**TASK DIRECTIONS**
Return every entry exactly, except for any pictures.

**DATA**
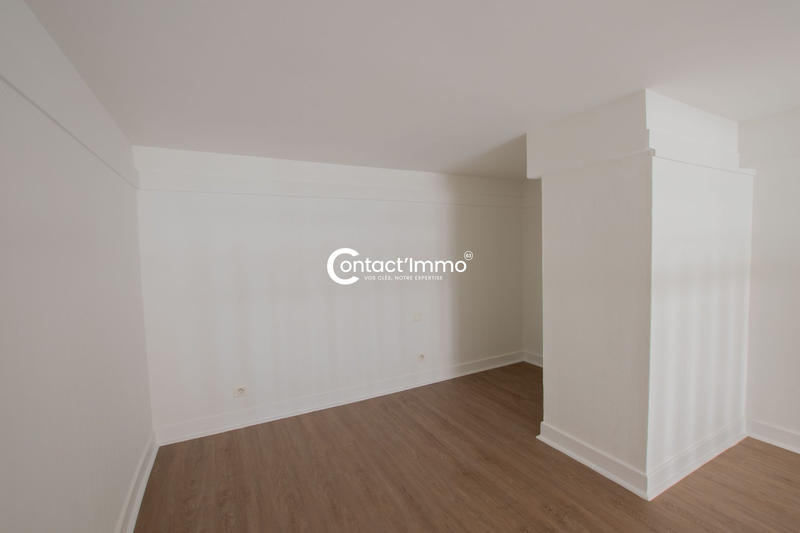 Appartement - 74 m² - 3 pièces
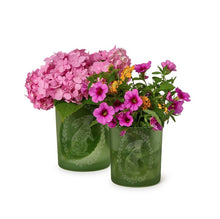 Load image into Gallery viewer, Floral Bunny Tealight / Votive Candleholders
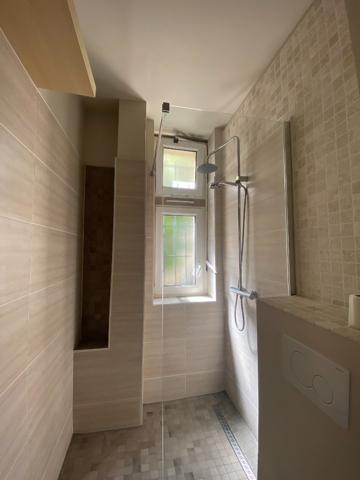 Appartement 3 pièces 49.27 m2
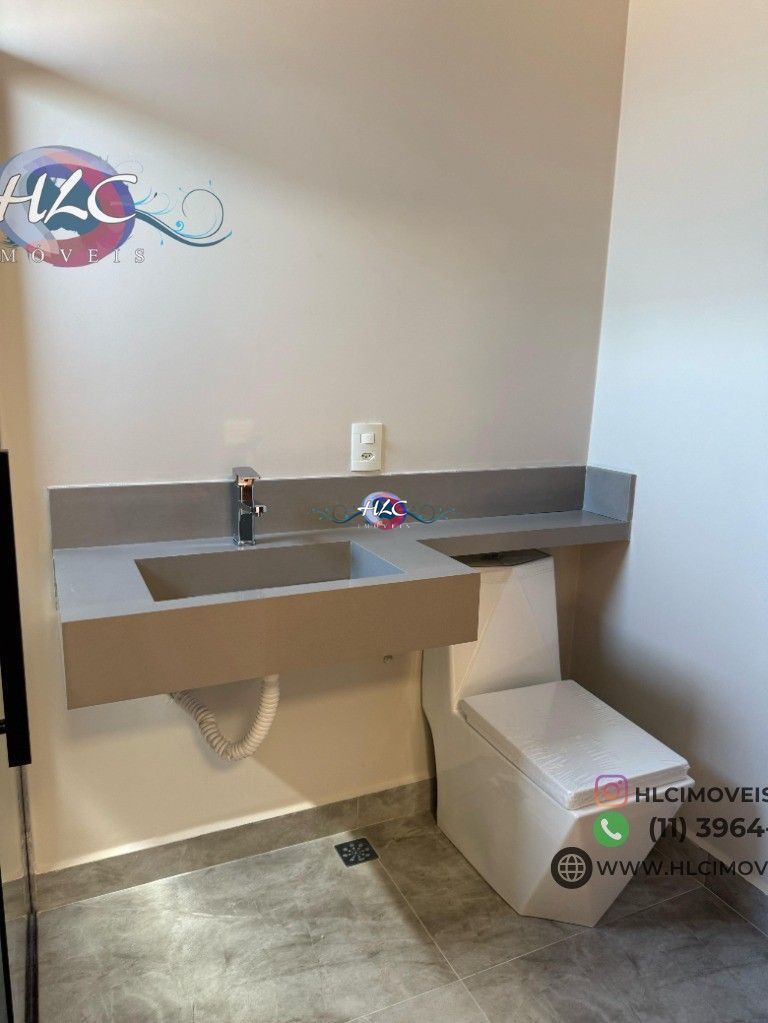 Casa de Condomínio, 3 quartos - Foto 30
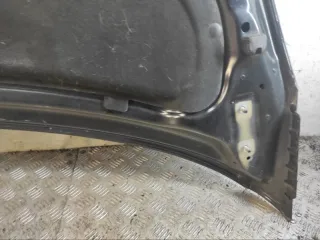  Капот Opel Zafira C Арт 90061, вид 9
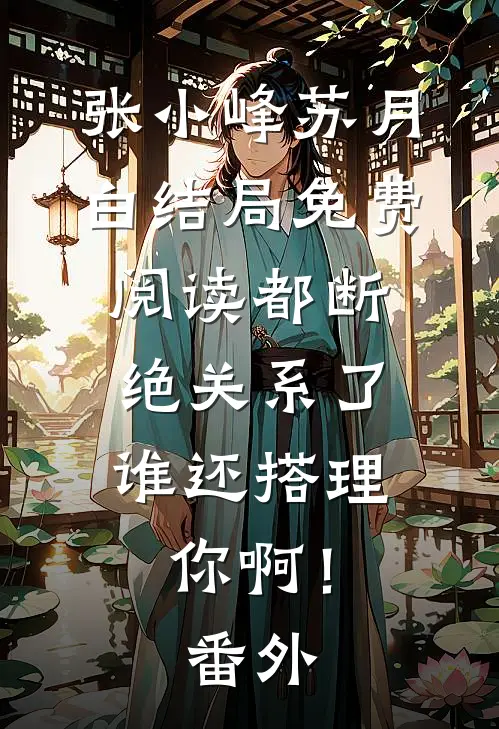 张小峰苏月白结局免费阅读都断绝关系了，谁还搭理你啊！番外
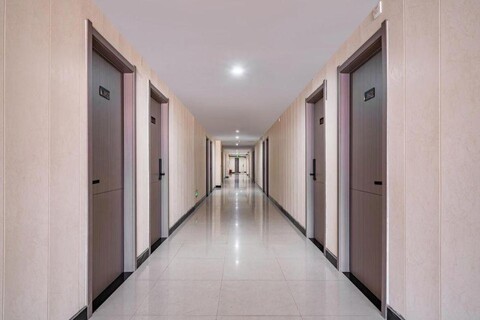 Hangzhou New Yunshang Business Hotel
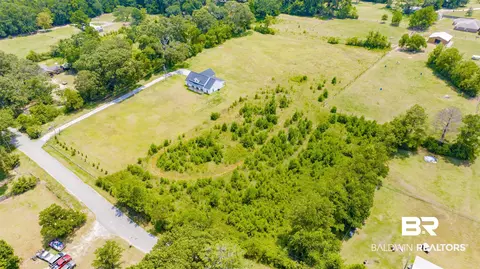 0 Raymond Melton Rd, Stapleton, AL 36578 photo 9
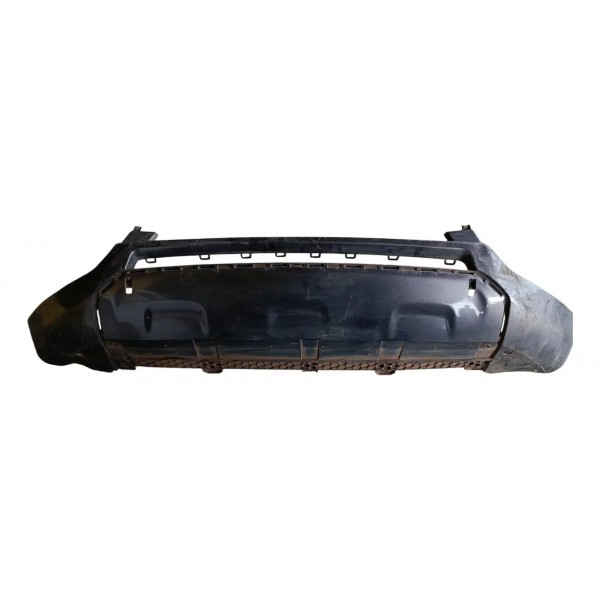 Spoiler Parachoque Dianteiro Jeep Commander 2021 2022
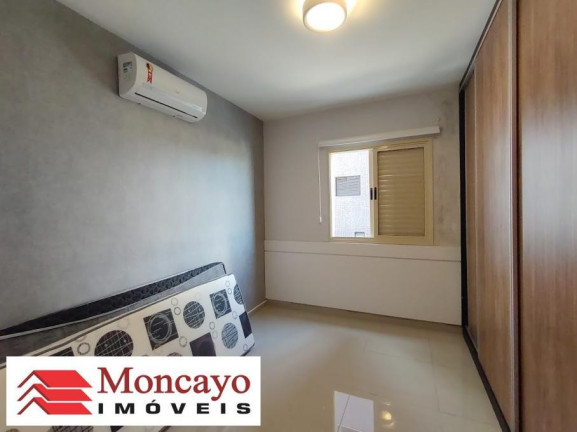 Imagem Apartamento com 3 Quartos à Venda, 115 m² em Indaiá - Caraguatatuba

**ANSWER SECTION**
 Appartement - 74 m² - 3 pièces
 Load image into Gallery viewer, Floral Bunny Tealight / Votive Candleholders
 Appartement 3 pièces 49.27 m2
 Casa de Condomínio, 3 quartos - Foto 30
  Капот Opel Zafira C Арт 90061, вид 9
 张小峰苏月白结局免费阅读都断绝关系了，谁还搭理你啊！番外
 Hangzhou New Yunshang Business Hotel
 0 Raymond Melton Rd, Stapleton, AL 36578 photo 9
 Spoiler Parachoque Dianteiro Jeep Commander 2021 2022
 Imagem Apartamento com 3 Quartos à Venda, 115 m² em Indaiá - Caraguatatuba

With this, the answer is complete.